What to produce: Look through the records below for the line with "img 3 attached" and the line with "Imagem de Sofá", then return those lines and all lines between, exactly.

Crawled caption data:
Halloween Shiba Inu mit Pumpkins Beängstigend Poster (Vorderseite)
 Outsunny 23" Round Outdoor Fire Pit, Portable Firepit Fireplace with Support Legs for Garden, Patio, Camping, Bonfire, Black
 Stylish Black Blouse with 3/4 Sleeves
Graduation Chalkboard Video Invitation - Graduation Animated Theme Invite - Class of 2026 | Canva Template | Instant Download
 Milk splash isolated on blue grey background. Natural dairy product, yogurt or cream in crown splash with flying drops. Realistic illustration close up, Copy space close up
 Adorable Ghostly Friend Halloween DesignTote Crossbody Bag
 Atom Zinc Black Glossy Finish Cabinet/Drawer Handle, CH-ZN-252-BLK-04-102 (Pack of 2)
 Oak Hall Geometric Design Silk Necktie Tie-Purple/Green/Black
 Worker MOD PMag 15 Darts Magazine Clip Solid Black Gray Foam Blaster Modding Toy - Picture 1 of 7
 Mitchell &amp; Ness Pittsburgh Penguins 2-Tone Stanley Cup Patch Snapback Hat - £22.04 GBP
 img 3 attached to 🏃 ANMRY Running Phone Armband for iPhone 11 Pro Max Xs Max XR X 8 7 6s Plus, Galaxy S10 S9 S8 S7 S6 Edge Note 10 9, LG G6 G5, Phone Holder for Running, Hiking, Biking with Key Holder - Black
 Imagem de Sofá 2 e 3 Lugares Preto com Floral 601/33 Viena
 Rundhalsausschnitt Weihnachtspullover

Response to this task:
 img 3 attached to 🏃 ANMRY Running Phone Armband for iPhone 11 Pro Max Xs Max XR X 8 7 6s Plus, Galaxy S10 S9 S8 S7 S6 Edge Note 10 9, LG G6 G5, Phone Holder for Running, Hiking, Biking with Key Holder - Black
 Imagem de Sofá 2 e 3 Lugares Preto com Floral 601/33 Viena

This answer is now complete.